What to work on - Go through the entries below and print each one exactly.
/---
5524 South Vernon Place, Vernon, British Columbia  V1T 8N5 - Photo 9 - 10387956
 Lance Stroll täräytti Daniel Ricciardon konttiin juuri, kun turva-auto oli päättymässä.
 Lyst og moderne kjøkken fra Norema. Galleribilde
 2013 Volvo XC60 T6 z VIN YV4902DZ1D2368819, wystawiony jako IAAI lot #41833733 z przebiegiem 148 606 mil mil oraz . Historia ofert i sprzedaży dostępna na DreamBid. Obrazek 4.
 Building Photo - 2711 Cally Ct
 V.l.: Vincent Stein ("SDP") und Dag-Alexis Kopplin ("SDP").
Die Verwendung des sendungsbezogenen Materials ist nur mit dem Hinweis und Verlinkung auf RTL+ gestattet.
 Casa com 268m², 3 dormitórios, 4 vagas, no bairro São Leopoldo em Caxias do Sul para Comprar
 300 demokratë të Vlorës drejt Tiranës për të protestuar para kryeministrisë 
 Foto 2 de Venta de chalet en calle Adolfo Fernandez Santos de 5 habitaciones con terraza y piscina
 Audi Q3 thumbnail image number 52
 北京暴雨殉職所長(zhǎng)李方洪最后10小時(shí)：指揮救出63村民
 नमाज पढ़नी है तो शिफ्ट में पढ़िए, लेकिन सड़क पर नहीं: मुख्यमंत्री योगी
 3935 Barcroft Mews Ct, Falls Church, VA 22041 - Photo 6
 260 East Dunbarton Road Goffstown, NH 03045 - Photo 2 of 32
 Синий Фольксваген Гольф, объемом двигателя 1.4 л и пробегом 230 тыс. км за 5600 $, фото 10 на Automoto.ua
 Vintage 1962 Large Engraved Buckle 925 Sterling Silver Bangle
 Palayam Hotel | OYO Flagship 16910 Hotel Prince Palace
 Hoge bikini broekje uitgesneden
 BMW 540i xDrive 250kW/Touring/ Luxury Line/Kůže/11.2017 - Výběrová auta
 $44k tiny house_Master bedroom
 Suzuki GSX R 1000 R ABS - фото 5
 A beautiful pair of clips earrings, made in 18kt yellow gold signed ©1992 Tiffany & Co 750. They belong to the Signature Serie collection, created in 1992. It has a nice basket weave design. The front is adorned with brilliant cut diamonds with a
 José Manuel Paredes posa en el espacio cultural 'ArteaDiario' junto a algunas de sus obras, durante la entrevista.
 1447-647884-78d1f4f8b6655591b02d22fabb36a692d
\---
Your response -
5524 South Vernon Place, Vernon, British Columbia  V1T 8N5 - Photo 9 - 10387956
 Lance Stroll täräytti Daniel Ricciardon konttiin juuri, kun turva-auto oli päättymässä.
 Lyst og moderne kjøkken fra Norema. Galleribilde
 2013 Volvo XC60 T6 z VIN YV4902DZ1D2368819, wystawiony jako IAAI lot #41833733 z przebiegiem 148 606 mil mil oraz . Historia ofert i sprzedaży dostępna na DreamBid. Obrazek 4.
 Building Photo - 2711 Cally Ct
 V.l.: Vincent Stein ("SDP") und Dag-Alexis Kopplin ("SDP").
Die Verwendung des sendungsbezogenen Materials ist nur mit dem Hinweis und Verlinkung auf RTL+ gestattet.
 Casa com 268m², 3 dormitórios, 4 vagas, no bairro São Leopoldo em Caxias do Sul para Comprar
 300 demokratë të Vlorës drejt Tiranës për të protestuar para kryeministrisë 
 Foto 2 de Venta de chalet en calle Adolfo Fernandez Santos de 5 habitaciones con terraza y piscina
 Audi Q3 thumbnail image number 52
 北京暴雨殉職所長(zhǎng)李方洪最后10小時(shí)：指揮救出63村民
 नमाज पढ़नी है तो शिफ्ट में पढ़िए, लेकिन सड़क पर नहीं: मुख्यमंत्री योगी
 3935 Barcroft Mews Ct, Falls Church, VA 22041 - Photo 6
 260 East Dunbarton Road Goffstown, NH 03045 - Photo 2 of 32
 Синий Фольксваген Гольф, объемом двигателя 1.4 л и пробегом 230 тыс. км за 5600 $, фото 10 на Automoto.ua
 Vintage 1962 Large Engraved Buckle 925 Sterling Silver Bangle
 Palayam Hotel | OYO Flagship 16910 Hotel Prince Palace
 Hoge bikini broekje uitgesneden
 BMW 540i xDrive 250kW/Touring/ Luxury Line/Kůže/11.2017 - Výběrová auta
 $44k tiny house_Master bedroom
 Suzuki GSX R 1000 R ABS - фото 5
 A beautiful pair of clips earrings, made in 18kt yellow gold signed ©1992 Tiffany & Co 750. They belong to the Signature Serie collection, created in 1992. It has a nice basket weave design. The front is adorned with brilliant cut diamonds with a
 José Manuel Paredes posa en el espacio cultural 'ArteaDiario' junto a algunas de sus obras, durante la entrevista.
 1447-647884-78d1f4f8b6655591b02d22fabb36a692d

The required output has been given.